Scraped caption text data
Segment Open

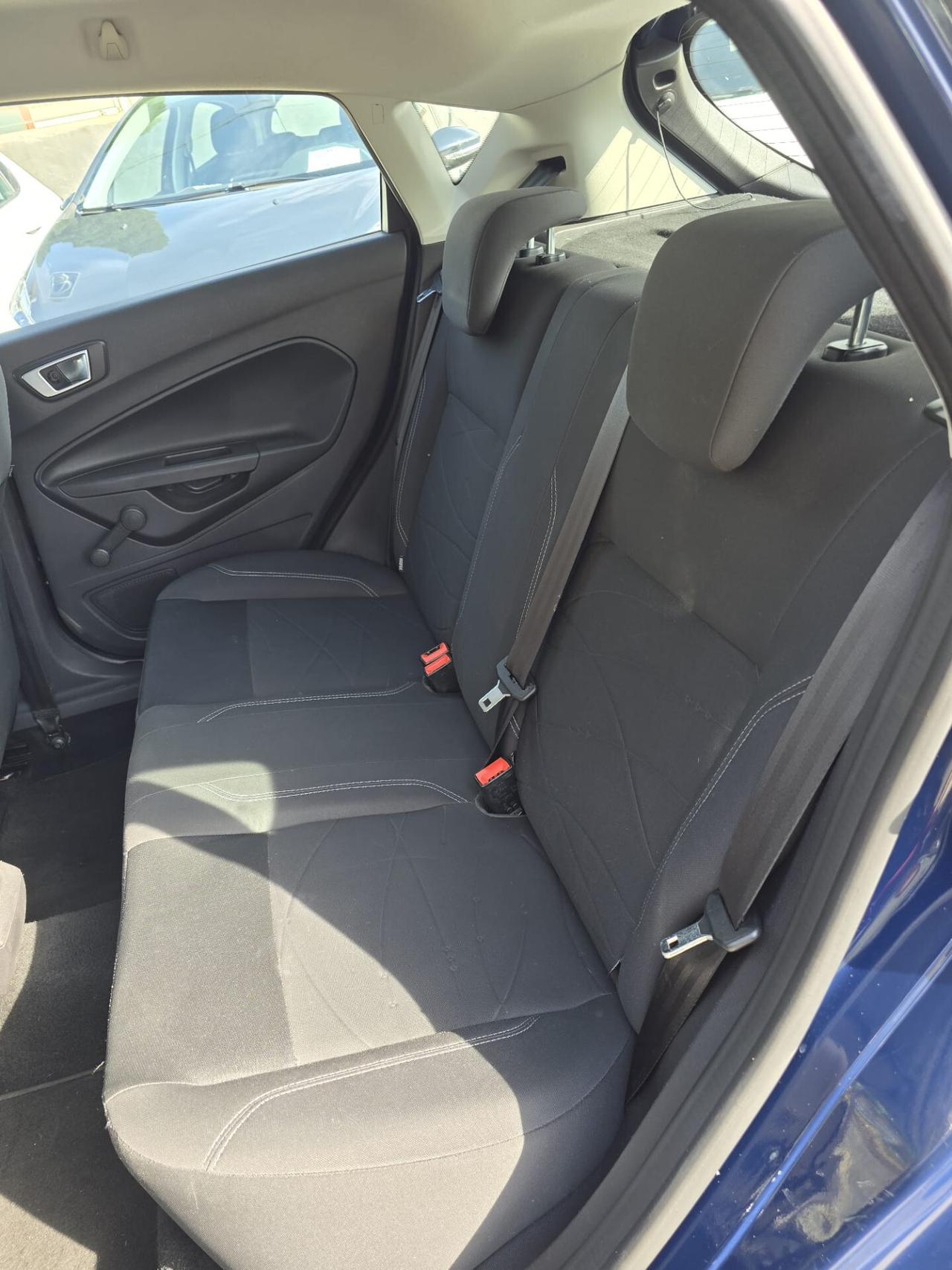 Ford Fiesta 1.5 TDCi 75CV 5 porte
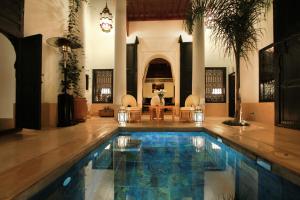 une maison avec une piscine au milieu d'une pièce dans l'établissement Dar Assiya, à Marrakech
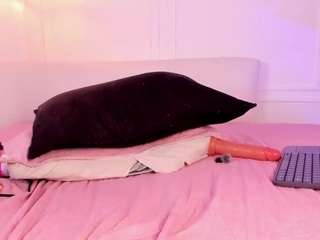 dafnne-hills Live Webcam on CamSoda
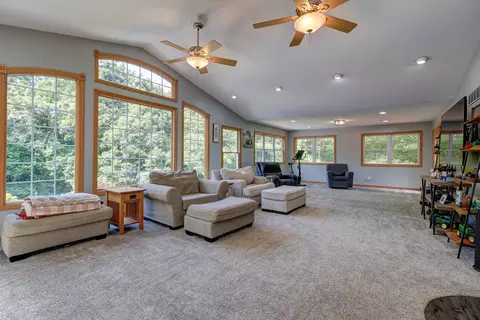 Living - 15160 Schipper Ln, Morrison, IL 61270 photo 3 of 3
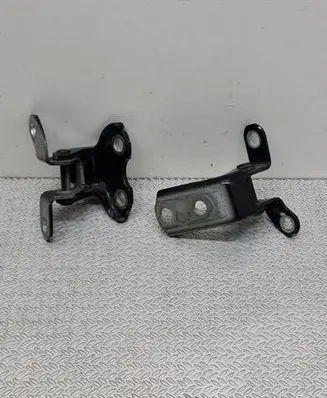 Toyota Prius (XW50) Rear door hinge set A046694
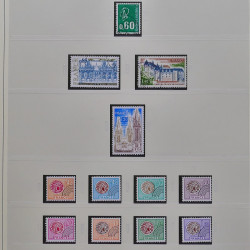 Collection timbres de France 1965-1974 oblitérés en album Safe.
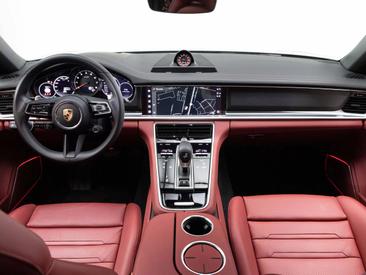 Porsche Panamera II ph2 4 Platinum Edition — photo 15
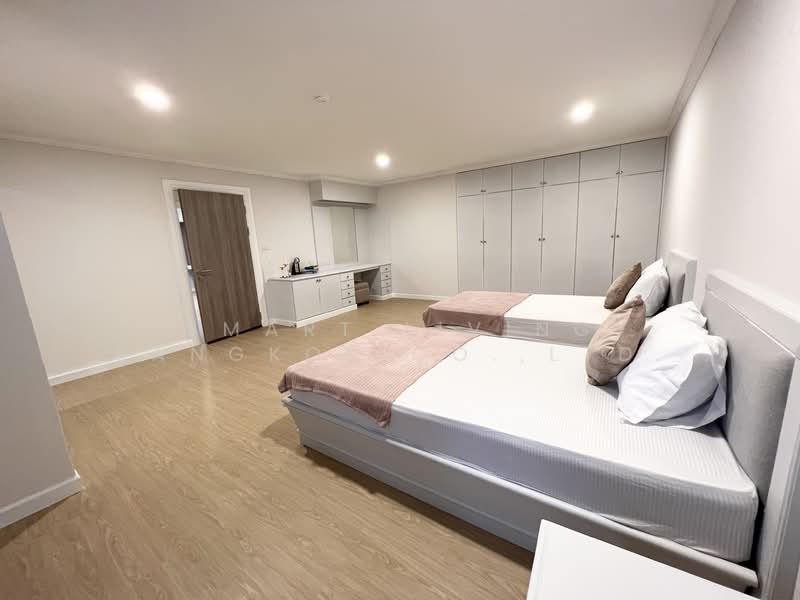 Oriental Towers, Bangkok, 25 Soi Ekkamai 12, Ekkamai Road, Khlong Tan Nua, Watthana, Bangkok, 4 Bedrooms, 458 sqm, Condo For Sale, by Smart Living Bangkok Co.,Ltd., 500271519 - DDproperty.com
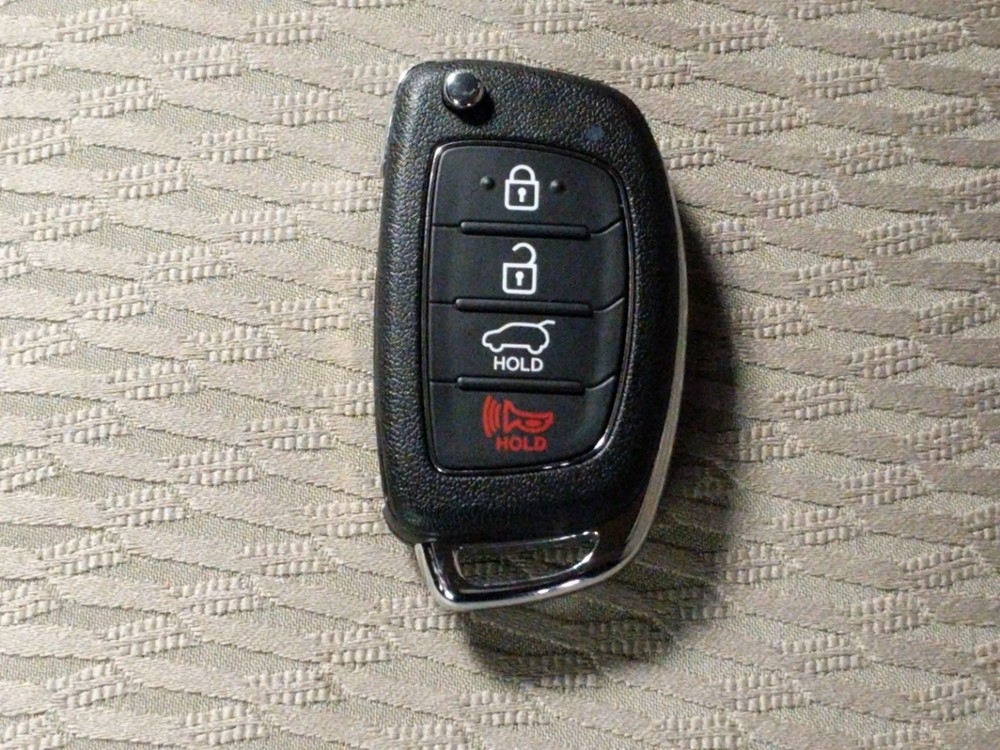 2013 Hyundai Santa Fe - Keys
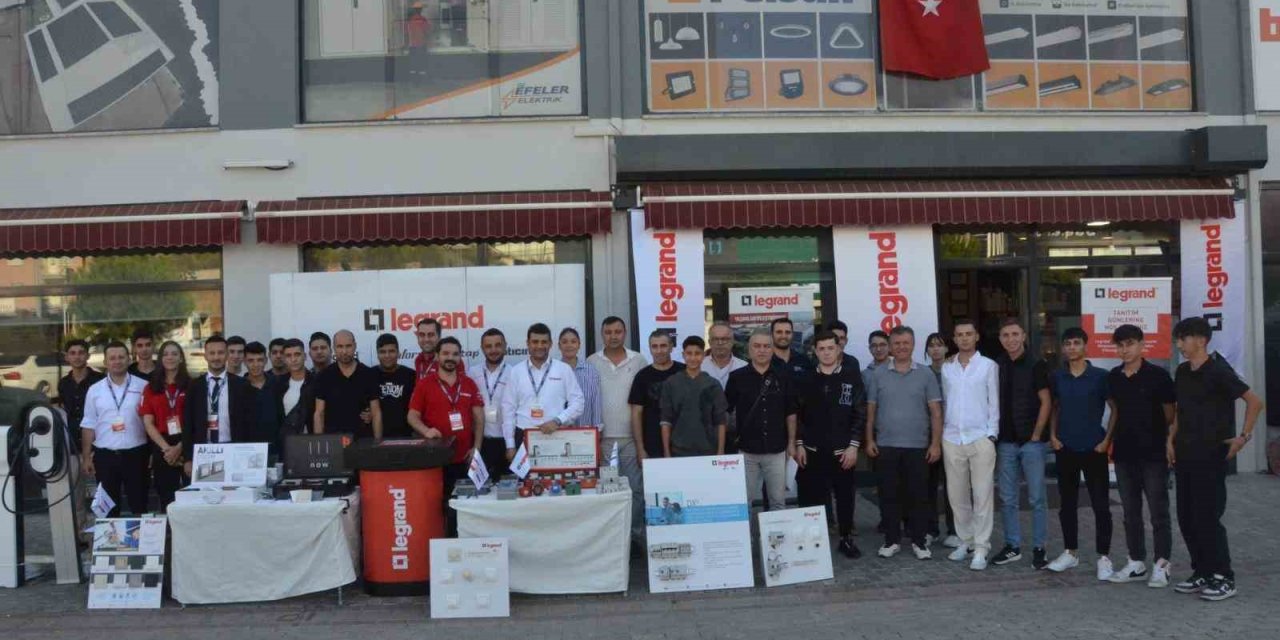 Geleceğin elektrikçi ustalarına sektördeki yenilikler tanıtıldı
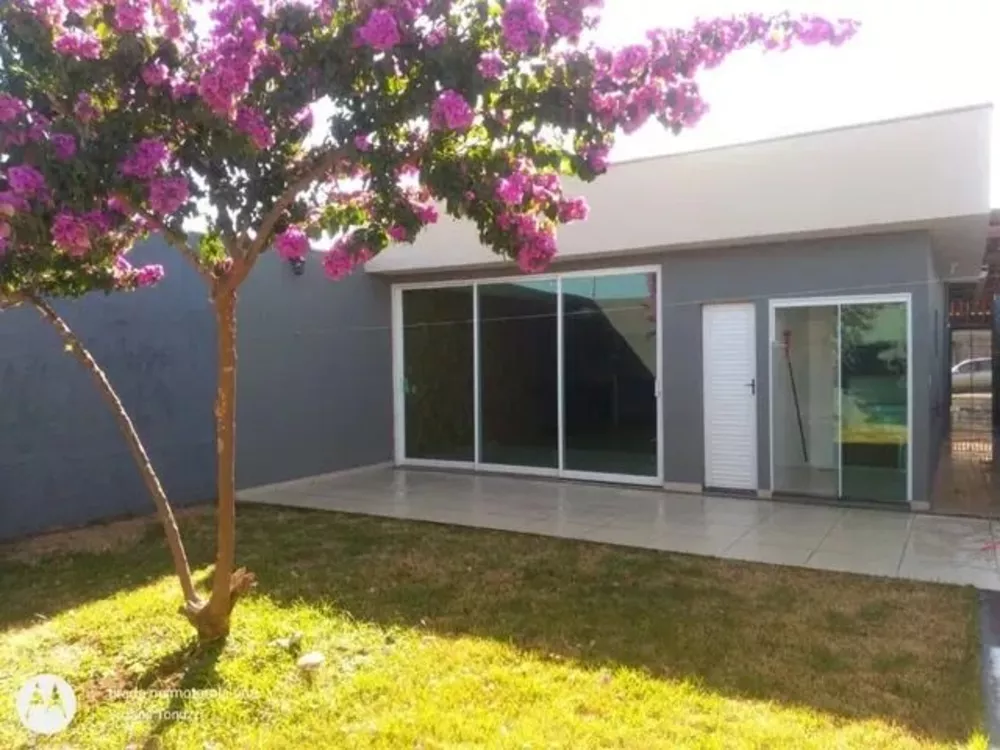 Casa à venda com 3 quartos, 148m² - Foto 2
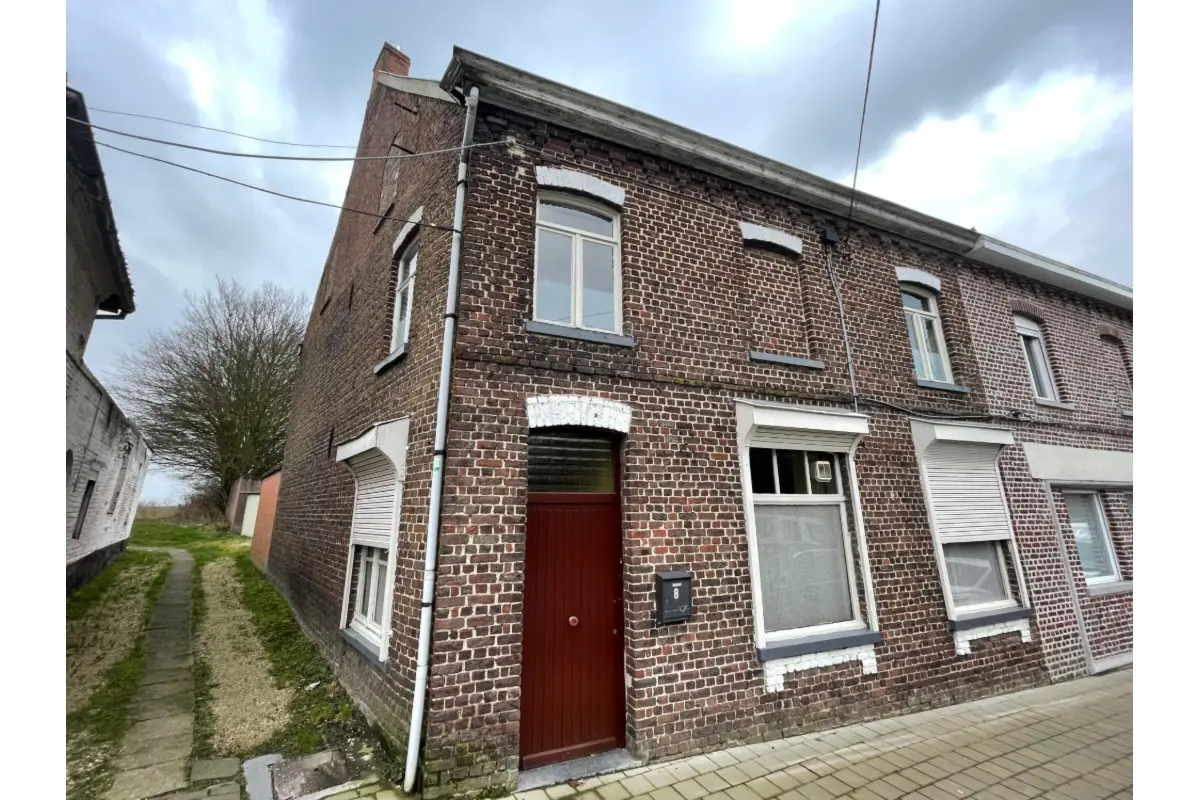 Huis te  koop in Sint-Denijs 8554 150000.00€ 4 slaapkamers 166.00m² - Zoekertje 490992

Segment Closed

• _Work instruction_
Please reproduce the records above exactly, omitting every picture.

• _Task answer_
 Ford Fiesta 1.5 TDCi 75CV 5 porte
 une maison avec une piscine au milieu d'une pièce dans l'établissement Dar Assiya, à Marrakech
 dafnne-hills Live Webcam on CamSoda
 Living - 15160 Schipper Ln, Morrison, IL 61270 photo 3 of 3
 Toyota Prius (XW50) Rear door hinge set A046694
 Collection timbres de France 1965-1974 oblitérés en album Safe.
 Porsche Panamera II ph2 4 Platinum Edition — photo 15
 Oriental Towers, Bangkok, 25 Soi Ekkamai 12, Ekkamai Road, Khlong Tan Nua, Watthana, Bangkok, 4 Bedrooms, 458 sqm, Condo For Sale, by Smart Living Bangkok Co.,Ltd., 500271519 - DDproperty.com
 2013 Hyundai Santa Fe - Keys
 Geleceğin elektrikçi ustalarına sektördeki yenilikler tanıtıldı
 Casa à venda com 3 quartos, 148m² - Foto 2
 Huis te  koop in Sint-Denijs 8554 150000.00€ 4 slaapkamers 166.00m² - Zoekertje 490992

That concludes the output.